António Cabral nasceu em Castedo do Douro (Alijó) em 30 de Abril de 1921 e faleceu em 23 de Outubro de 2007 em Vila Real. Sacerdote católico até 1972, pediu dispensa e casou, dedicando-se ao ensino. Além de grande poeta, dramaturgo e romancista, foi um activo agente cultural, sendo co-fundador das revistas Setentrião e Tellus. Vemo-lo na fotografia com Amadeu Ferreira, o escritor e principal defensor da língua mirandesa. De António Cabral escolhi o poema Acorda amor, publicado na antologia poética «Vietname», que organizei em colaboração com Manuel Simões. Parece-me dar uma ideia do grande poeta que é o «imortal» que hoje vos apresento – Meus amigos, deixo-vos na companhia de António Cabral:

            Acorda amor

            Acorda, amor. Não ouves o silêncio

            ranger à volta da nossa casa?

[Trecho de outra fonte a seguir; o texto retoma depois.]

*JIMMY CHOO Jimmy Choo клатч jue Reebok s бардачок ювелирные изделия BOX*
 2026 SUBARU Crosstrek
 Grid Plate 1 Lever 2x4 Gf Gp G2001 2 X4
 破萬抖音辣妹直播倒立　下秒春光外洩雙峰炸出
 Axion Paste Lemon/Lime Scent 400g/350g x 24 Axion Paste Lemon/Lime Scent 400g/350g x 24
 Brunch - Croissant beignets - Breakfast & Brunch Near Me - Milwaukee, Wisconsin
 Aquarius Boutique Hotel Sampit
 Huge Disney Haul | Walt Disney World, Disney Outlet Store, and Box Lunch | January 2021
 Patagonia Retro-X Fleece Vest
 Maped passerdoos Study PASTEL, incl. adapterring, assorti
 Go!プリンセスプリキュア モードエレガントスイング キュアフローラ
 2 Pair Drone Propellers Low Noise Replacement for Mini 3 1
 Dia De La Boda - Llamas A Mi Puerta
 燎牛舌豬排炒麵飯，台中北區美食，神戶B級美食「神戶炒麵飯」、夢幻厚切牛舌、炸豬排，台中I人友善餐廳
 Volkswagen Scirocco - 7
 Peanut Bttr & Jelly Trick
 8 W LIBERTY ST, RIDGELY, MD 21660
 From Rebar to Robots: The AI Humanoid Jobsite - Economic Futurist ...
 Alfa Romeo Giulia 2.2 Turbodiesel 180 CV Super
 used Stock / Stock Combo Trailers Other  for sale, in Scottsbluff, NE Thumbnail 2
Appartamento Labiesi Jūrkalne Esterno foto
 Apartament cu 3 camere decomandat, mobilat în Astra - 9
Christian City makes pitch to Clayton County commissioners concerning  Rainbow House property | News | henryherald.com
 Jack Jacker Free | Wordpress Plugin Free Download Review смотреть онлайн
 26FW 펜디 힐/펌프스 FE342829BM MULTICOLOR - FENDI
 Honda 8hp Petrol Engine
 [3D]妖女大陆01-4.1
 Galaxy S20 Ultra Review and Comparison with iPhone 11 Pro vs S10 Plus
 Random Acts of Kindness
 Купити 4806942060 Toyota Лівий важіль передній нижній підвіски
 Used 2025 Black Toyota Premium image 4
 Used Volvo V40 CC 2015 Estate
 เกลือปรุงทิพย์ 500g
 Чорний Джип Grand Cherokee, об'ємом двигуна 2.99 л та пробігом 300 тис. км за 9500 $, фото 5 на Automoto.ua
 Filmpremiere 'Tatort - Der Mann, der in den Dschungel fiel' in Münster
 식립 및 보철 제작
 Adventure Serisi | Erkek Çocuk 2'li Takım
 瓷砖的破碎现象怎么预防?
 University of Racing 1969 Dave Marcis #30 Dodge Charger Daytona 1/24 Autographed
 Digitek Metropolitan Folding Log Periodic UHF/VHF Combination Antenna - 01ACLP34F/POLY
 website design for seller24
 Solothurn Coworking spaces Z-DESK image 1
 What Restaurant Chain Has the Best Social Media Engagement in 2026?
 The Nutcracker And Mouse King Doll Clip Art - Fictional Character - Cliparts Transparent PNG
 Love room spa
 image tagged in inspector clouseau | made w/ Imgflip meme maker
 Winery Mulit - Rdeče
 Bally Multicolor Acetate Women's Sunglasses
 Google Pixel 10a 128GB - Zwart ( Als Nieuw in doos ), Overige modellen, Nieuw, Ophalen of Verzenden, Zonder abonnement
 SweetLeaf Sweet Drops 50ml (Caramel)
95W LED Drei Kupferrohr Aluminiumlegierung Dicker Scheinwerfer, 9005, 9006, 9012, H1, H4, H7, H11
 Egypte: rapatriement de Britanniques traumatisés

            Algo se passa. As aves na palmeira

            do pátio acabam de estremecer.

            Ouço-as pelas frestas da velha parede

            e o medo volta de novo ao meu coração.

            Bem sei que não devia ter medo, que o sono

            é esse doce país cantado pelo poeta,

            onde os rios não correm somente

            para demarcar os ódios, e as nuvens

            apenas ocultam a boa água fertilizante.

            Condeno-me por isto. Por tremer

            diante dum pensamento e acordar, a teu lado,

            quando um leve sussurro atravessa a noite.

            É como se a tua presença não bastasse,

            fechando não sei que porta imaginável.

            Desculpa, amor. Mas tremo. A teu lado.

            Apesar do teu rosto amanhecente.

            Mesmo sabendo que em teu corpo

            Se abriu a corola de todas as delícias.

            Pelas frestas da velha parede,

            eis-me a interrogar a noite. Que acontece?

            Que sombras se movem além do rio?

            Talvez eu delire, ainda sob a impressão

            Do último bombardeamento. Lembras-te?

            Num momento, destruiram os favos

            da nossa alegria. E o mel de tantos anos

            barbaramente se diluiu na enxurrada infernal.

            Foi como se enorme sanguessuga de repente

            se colasse a nós. Ainda tremo .

            Tu escondeste a tua cabeça no meu peito

            e eu quando acordei sob os escombros,

            tinha uma perna destroçada. Podia ter as duas.

            Não é isso que me faz tremer. Mas recordo

            a febre dos teus lábios em minhas mãos,

            o quadro dos teus cabelos outonais

            e o corpo do nosso filho, parado, no teu regaço.

            Perdoa, amor, esta lágrima. Não acordes.

            Se eles voltarem, cobrir-te-ei com o meu corpo,

            com este corpo inútil que me deixaram.

            Não acordes, amor. Em que estrela

            bus
ca
s agora o nosso filho? Que palmeira

            o acolhe à sua benigna sombra?

            Ele põe a mão na rosa do teu seio

            e nos teus lábios ardem pétalas. Meu filho!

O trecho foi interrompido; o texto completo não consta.